Mahkamah Konstitusi kembali menggelar sidang pengujian Undang-Undang Nomor 7 Tahun 2017 tentang Pemilihan Umum (UU Pemilu) pada Rabu (19/9) di Ruang Sidang Panel MK. Sidang perkara yang teregistrasi Nomor 71/PUU-XVI/2018 ini dipimpin oleh Hakim Konstitusi Saldi Isra dengan didampingi Hakim Konstitusi Suhartoyo dan Enny Nurbaningsih.
Muhammad Hafidz selaku salah satu Pemohon menyampaikan perbaikan yang dilakukan pihaknya, di antaranya menambahkan argumentasi yang memperkuatkan dalil permohonan. Lebih lanjut, Hafidz menyampaikan pihaknya menambahkan dengan tidak diaturnya pembatasan pemberian dana kampanye dalam pasal a quo, Pemohon menilai hal tersebut memungkinkan terjadinya upaya memengaruhi piilhan pemilih melalui jual beli suara. Selain itu, Pemohon menyatakan bahwa Pemilu Presiden dan Wakil Presiden tidak semata-mata pesta demokrasi. “Karena kami melihat tidak mungkin ada tata kelola baru yang lebih baik dari pemerintah apabila korupsi masih ada,” ujar Hafidz.
Berikutnya Petitum, lanjut Hafidz, memohon pada Mahkamah mengabulkan permohonan Pemohon untuk seluruhnya dan menyatakan pasal a quo bertentangan dengan UUD 1945 dan tidak mengikat secara bersyarat. “Jadi pada intinya meminta agar pemberian dana sumbangan kampanye partai politik dipersamakan dengan perseorangan,” jelas Hafidz.

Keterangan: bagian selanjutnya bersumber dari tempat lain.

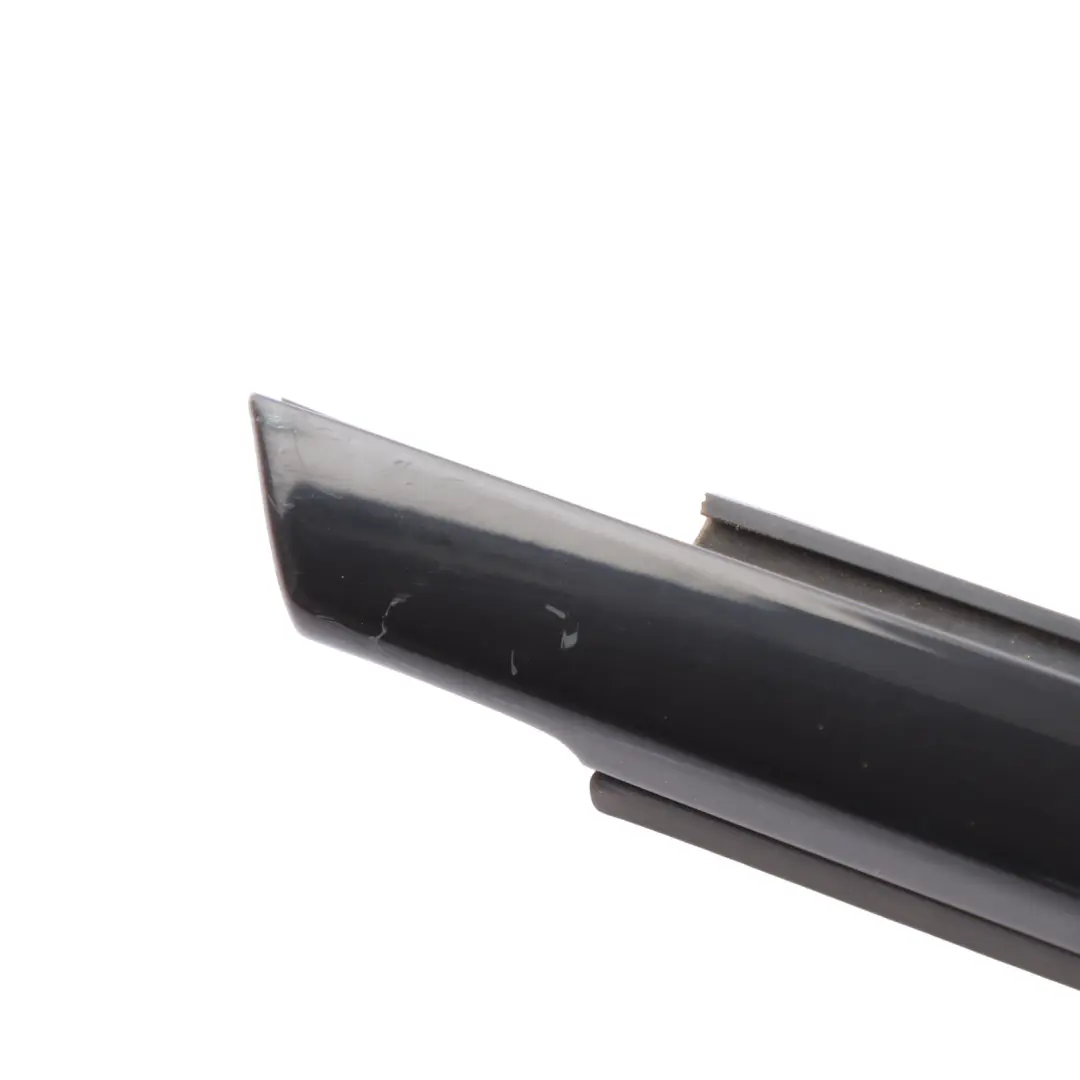 Front Door Weather Strip Seal Gasket Right O/S 7P0837478E to Porsche Cayenne 92A with Part number 95855947611 Porsche Cayenne 92A Front Door Weather Strip Seal Gasket Right O/S 7P0837478E - SKU 95855947611 - Part number 95855947611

Sebelumnya, para Pemohon yang terdiri atas Dorel Almir, Abda Khair Mufti, dan Muhammad Hafidz menyatakan aturan sumber dana kampanye sebagaimana tercantum dalam Pasal 326 UU Pemilu berpotensi merugikan hak konstitusionalnya. Ketentuan tersebut merugikan karena tidak mengatur mengenai batasan pemberian dana kampanye untuk pemilu Presiden dan Wakil Presiden yang berasal dari salah seorang atau pasangan calon Presiden dan Wakil Presiden maupun partai politik. Sebagai peserta pemilu, pasangan calon presiden dan wakil presiden ataupun partai politik diberi hak menerima sumbangan dana kampanye yang tidak mengikat perorangan dan tidak boleh melebihi 2,5 miliar rupiah atau yang berasal dari kelompok, perusahaan, dan/atau badan usaha nonpemerintah yang tidak boleh melebihi 25 miliar rupiah. Akan tetapi, UU Pemilu tidak mengatur mengenai batasan pemberian dana kampanye untuk Pemilu Presiden dan Wakil Presiden yang bersangkutan maupun dari parpol.
Oleh karena itu, Pemohon meminta agar Majelis Hakim Konstitusi menyatakan Pasal 326 UU Pemilu tidak memiliki kekuatan hukum mengikat sepanjang tidak dimaknai dana kampanye untuk pemilu Presiden dan Wakil Presiden yang berasal dari perseorangan mencakup pasangan calon Presiden dan Wakil Presiden tidak boleh melebihi Rp85.000.000.000,00 (delapan puluh lima miliar rupiah), maupun yang berasal dari kelompok mencakup partai politik dan/atau gabungan partai politik tidak boleh melebihi Rp850.000.000.000,00 (delapan ratus lima puluh miliar rupiah), perusahaan, dan/atau badan usaha non pemerintah. Apabila pasal a quo dinyatakan konstitusional bersyarat, tambah Darel, selaku warga negara yang juga berkewajiban menjaga penyelenggaraan pemilu yang jurdil, para Pemohon mengharapkan agar pemerintahan presiden dan wakil presiden terpilih nantinya tidak diganggu oleh kepentingan penyumbang-penyumbang fiktif yang dapat merugikan kepentingan umum. (Sri Pujianti/LA)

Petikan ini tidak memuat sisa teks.